Excerpted records »
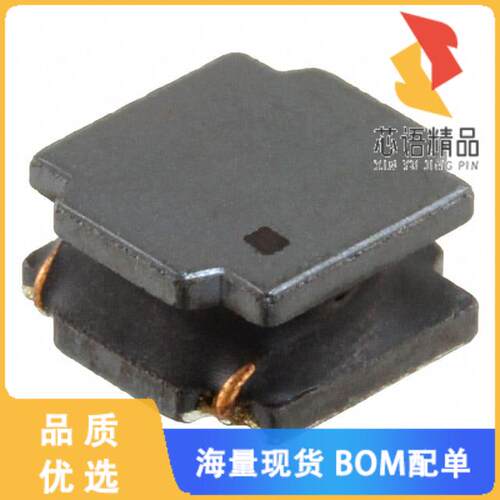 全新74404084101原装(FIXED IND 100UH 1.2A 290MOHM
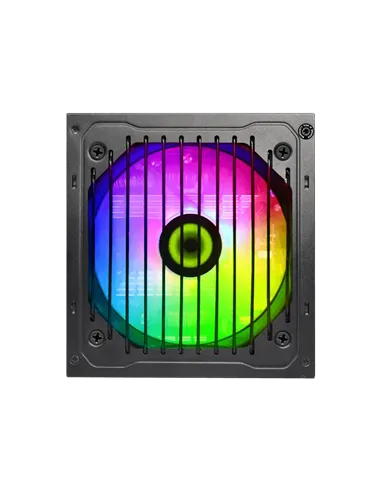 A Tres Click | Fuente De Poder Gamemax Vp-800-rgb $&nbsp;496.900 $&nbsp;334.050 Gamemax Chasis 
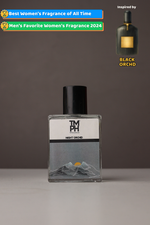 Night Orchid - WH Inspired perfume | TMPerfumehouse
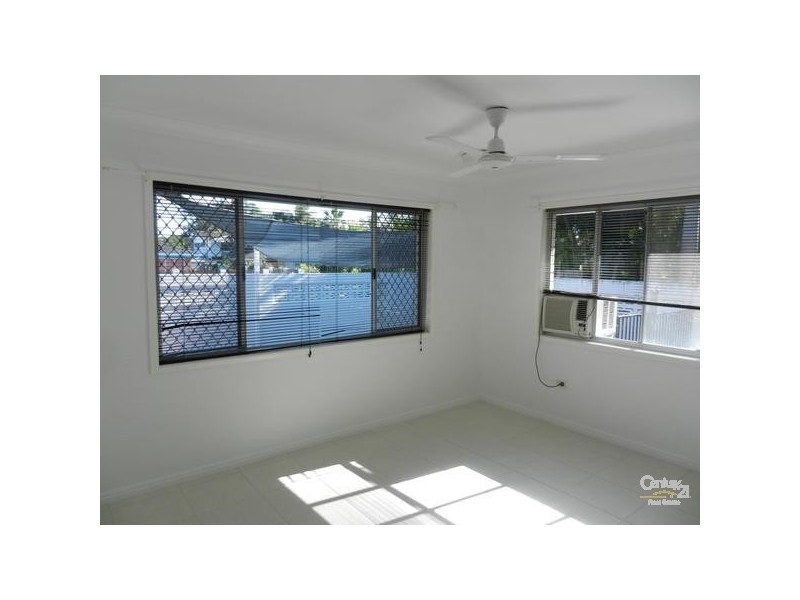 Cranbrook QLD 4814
==
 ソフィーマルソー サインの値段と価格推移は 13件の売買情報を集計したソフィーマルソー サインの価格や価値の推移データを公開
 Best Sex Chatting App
---
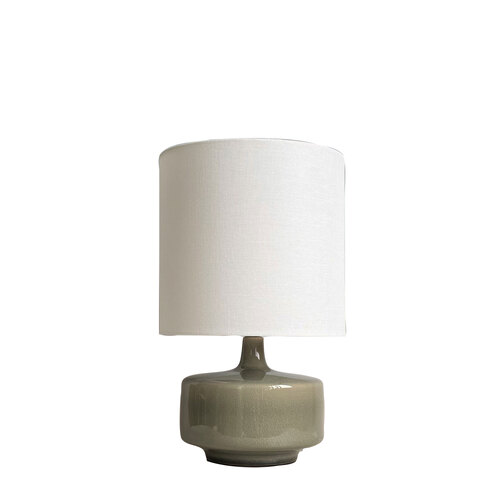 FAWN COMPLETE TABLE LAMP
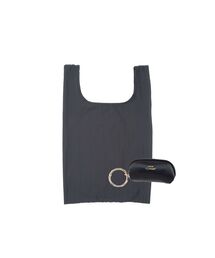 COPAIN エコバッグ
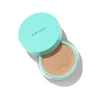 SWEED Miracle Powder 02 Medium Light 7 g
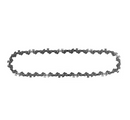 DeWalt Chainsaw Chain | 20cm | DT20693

Task objective »
Your reply should hold nothing but the lines above, from the one containing "FAWN COMPLETE TABLE LAMP" to the one containing "DeWalt Chainsaw Chain | 20cm | DT20693", reproduced exactly minus the pictures.

Written solution »
 FAWN COMPLETE TABLE LAMP
 COPAIN エコバッグ
 SWEED Miracle Powder 02 Medium Light 7 g
 DeWalt Chainsaw Chain | 20cm | DT20693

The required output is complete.